Introduction:
Graphics, spatial data and creating smart ways of combining data with interaction has always been a big interest and passion for me. As with an app like Enatom where these topics are prominent and ever evolving, it made sense to explore ways of visualizing and interacting with our data based on methods we have not already explored before. In this blog post I want to briefly talk about my experimentation and findings about signed distance fields and how these bring potential to visualizing anatomical data.
Pointclouds
Enatom renders anatomical content using point clouds rather than traditional triangle meshes.
Point-based representations allow us to work directly with high-resolution photogrammetry data from real donated bodies, preserving anatomical variation without aggressive surface smoothing. This makes them well suited for anatomical realism.
At the same time, point clouds introduce specific spatial challenges:
- Spatial continuity is implicit rather than explicitly defined
- Surface orientation must be inferred locally
- Dense and sparse regions behave differently under lighting and clipping
- Reasoning about inside versus outside of structures is non-trivial
These are not flaws, but trade-offs. Still, they raise questions about how to reason more continuously about anatomical space.
Signed distance fields as a spatial representation
A signed distance field is a scalar field defined over space. At every point, it stores the distance to the nearest surface:
- Negative values indicate points inside a structure
- Positive values indicate points outside
- Zero represents the surface
Instead of describing anatomy as discrete samples, a signed distance field describes it as a continuous spatial function. This makes it useful for spatial queries, proximity reasoning, and smooth transitions — capabilities that are difficult to derive directly from point data alone.
Deriving spatial information from the field
Signed distance fields encode more than surface location.
By sampling the field, gradients can be computed at arbitrary positions. These gradients provide stable surface normals, even in regions where point density varies. This can support more consistent lighting, reduced visual noise, and a stable appearance across zoom levels.
Distance values themselves can also be visualized, for example through depth-based gradients or proximity highlighting. Used carefully, these techniques can reinforce spatial relationships without overwhelming the scene.
Navigating anatomy using continuous space
Traditional clipping planes often produce abrupt cut-offs when navigating dense anatomical regions.
Distance fields make it possible to slice through anatomy more gradually, with smooth transitions that preserve surrounding context. Structures can fade in or out based on distance rather than binary visibility, reducing sudden loss of orientation during exploration.
Because the field is continuous, it also allows interpolation between states. Anatomical layers can transition smoothly while maintaining spatial relationships, rather than appearing or disappearing abruptly.
Depth cues and spatial orientation
Distance fields integrate naturally with depth-aware rendering techniques such as distance-based ambient occlusion or volumetric shading.

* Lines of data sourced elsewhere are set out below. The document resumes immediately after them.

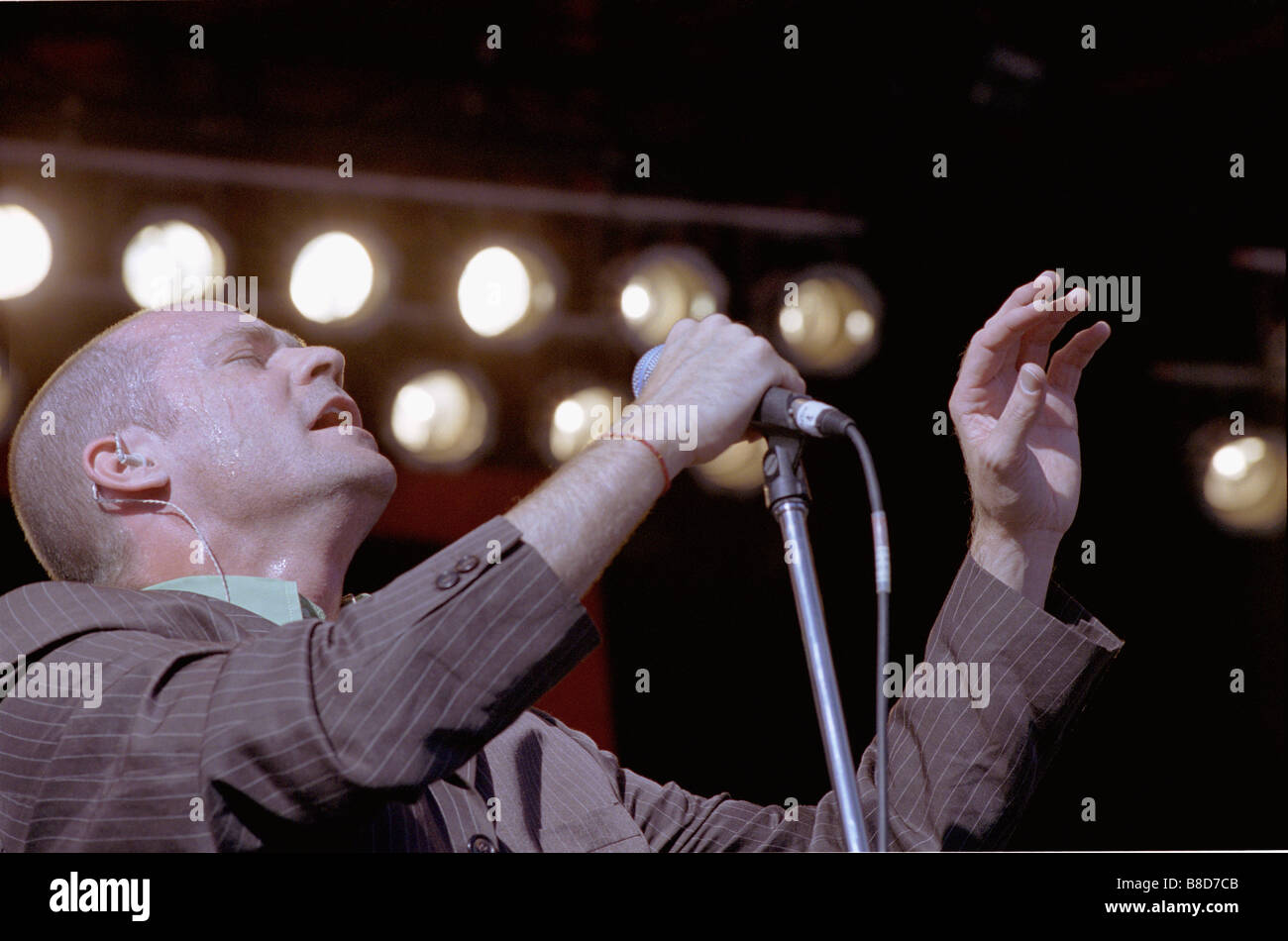 Gord Downie tragicamente Hip esegue War Child concerto benefico, ks Winnipeg, Manitoba Foto Stock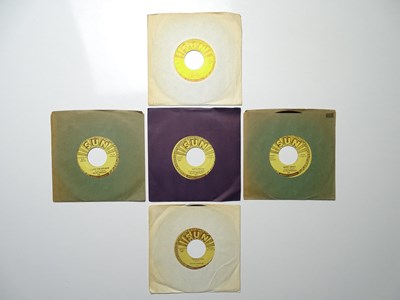 Lot 305 - ELVIS - 5 X Sun records 45 RPM discs to...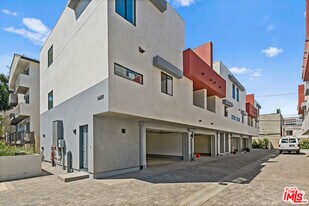 14403 Tiara St in Los Angeles, CA - Building Photo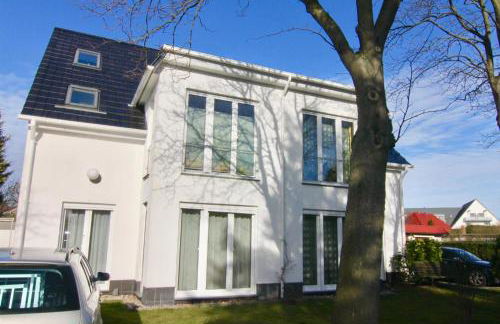 Haus Annelie FEWO 2 OG - Photo 1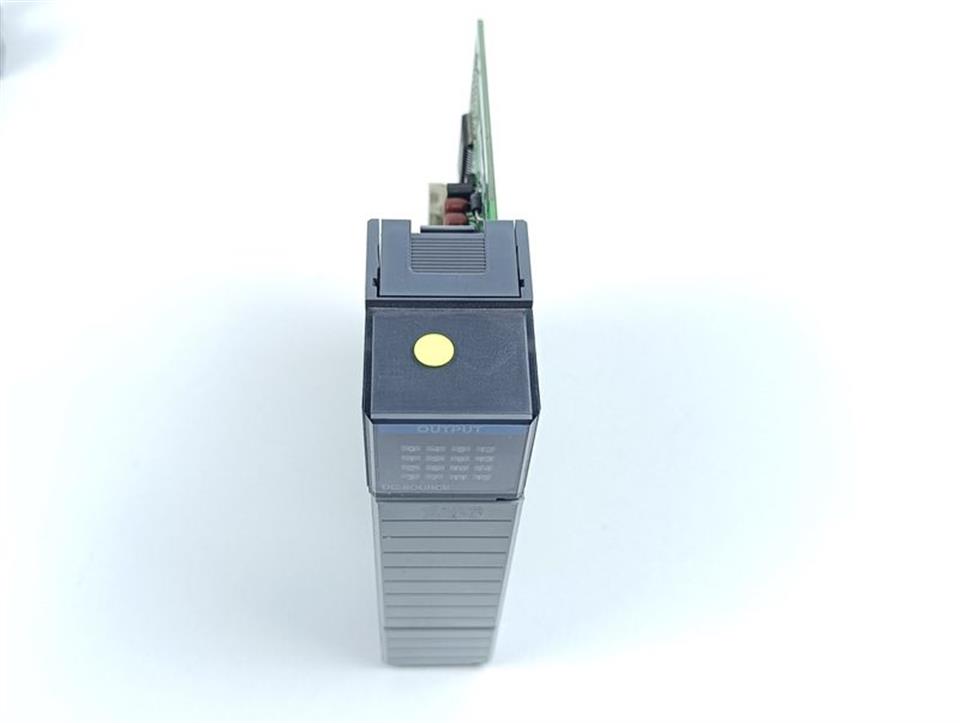 allen-bradley-slc-500-1746-ob16-output-module-serd-1746-0b16-top-zustand-76046-2.jpg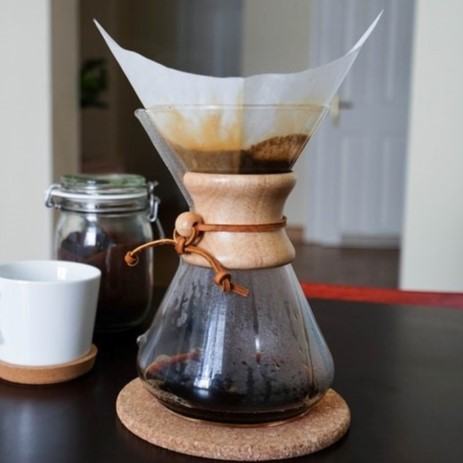 滴式咖啡是用Chemex和桌子上的一个纸过滤器做的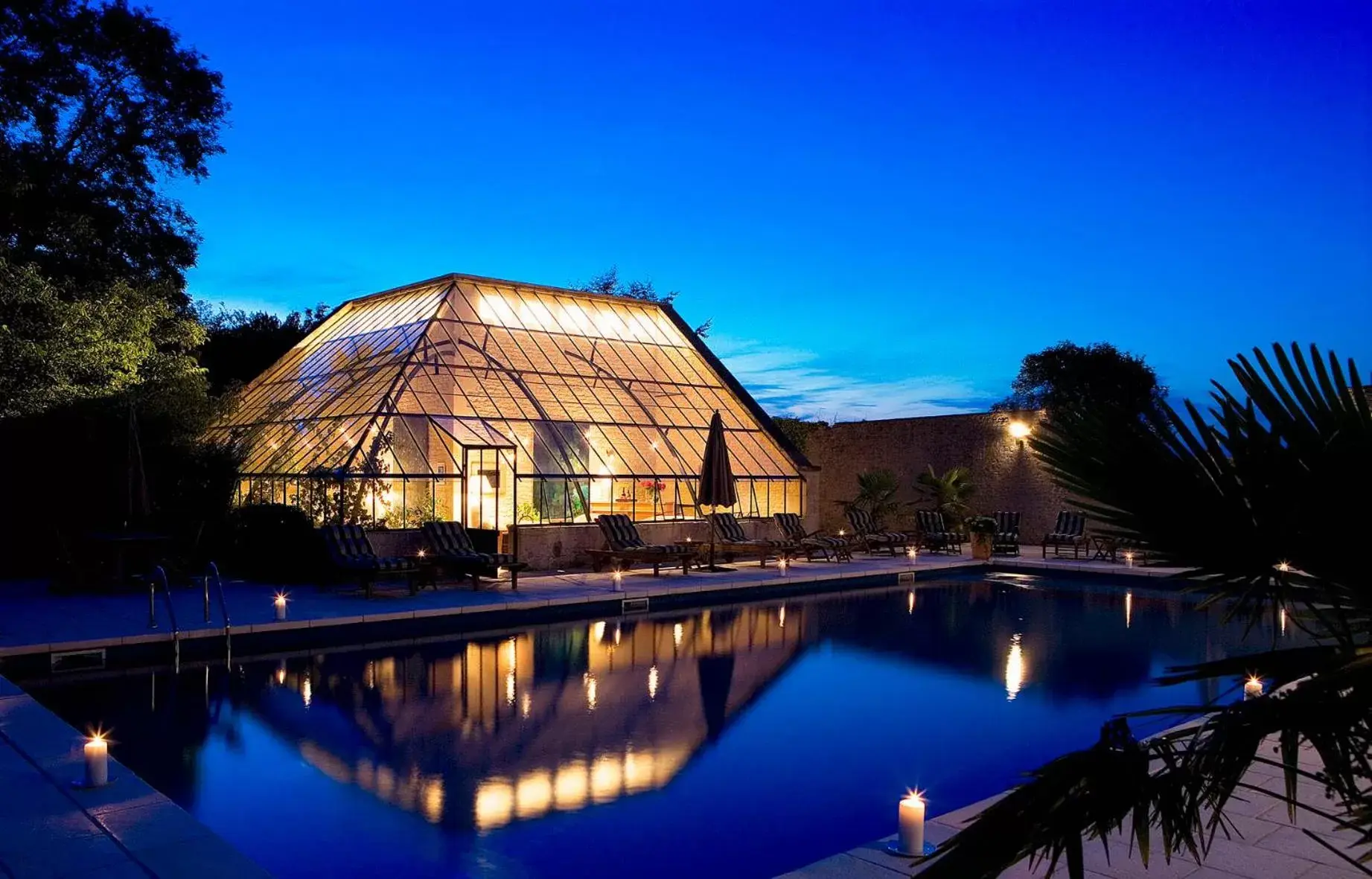 Swimming Pool in Chateau La Cheneviere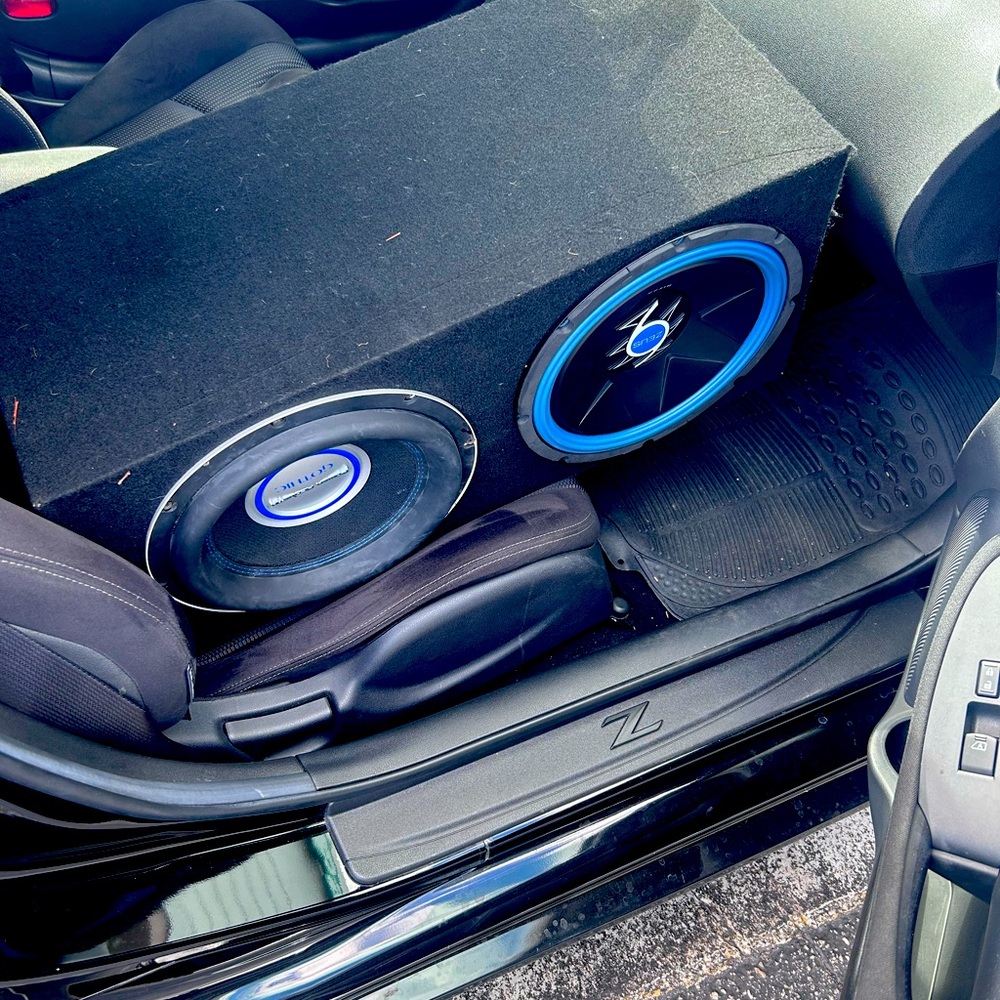 2 12s very loud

These effects are not about visual polish. Their primary value lies in reinforcing depth cues—helping users understand what lies anterior or posterior, superficial or deep—especially in complex regions where multiple structures overlap.
Geometry stabilization and spatial robustness
Because signed distance fields describe volume rather than discrete samples, they can help detect gaps or inconsistencies in point-based data.
They provide a more reliable basis for spatial queries even when point density varies, supporting smoother interaction and more predictable behavior across different anatomical regions.
Relation to volumetric imaging
There is a conceptual overlap between signed distance fields and volumetric datasets such as CT or MRI scans.
This raises research questions around converting segmented volumetric data into distance fields, and around combining surface anatomy with volumetric information. While exploratory, this direction could help bridge gross anatomy with clinical imaging contexts.
Interaction and annotation in dense anatomy
A field-based representation enables interactions that are spatial rather than purely geometric:
- Proximity-aware selection
- More reliable hit-testing
- Awareness of inside and outside for complex structures
One particularly promising application is annotation.
Signed distance fields allow the system to answer questions such as how far a label is from the nearest surface, whether it intersects anatomy, and in which direction it can be safely offset. This enables surface-aware label placement, collision-free annotations, and callouts that adapt smoothly to zoom and rotation.
The same spatial reasoning could support measurement tools, region-of-interest highlighting, and guided exploration paths.
Closing
Signed distance fields are fascinating to me. Their concept is simple and has been a known thing for ages and it excites me to figure out new ways of using this concept for visualizing and interacting with anatomical data within Enatom. I’m excited to see what’s in store for these concepts in the future.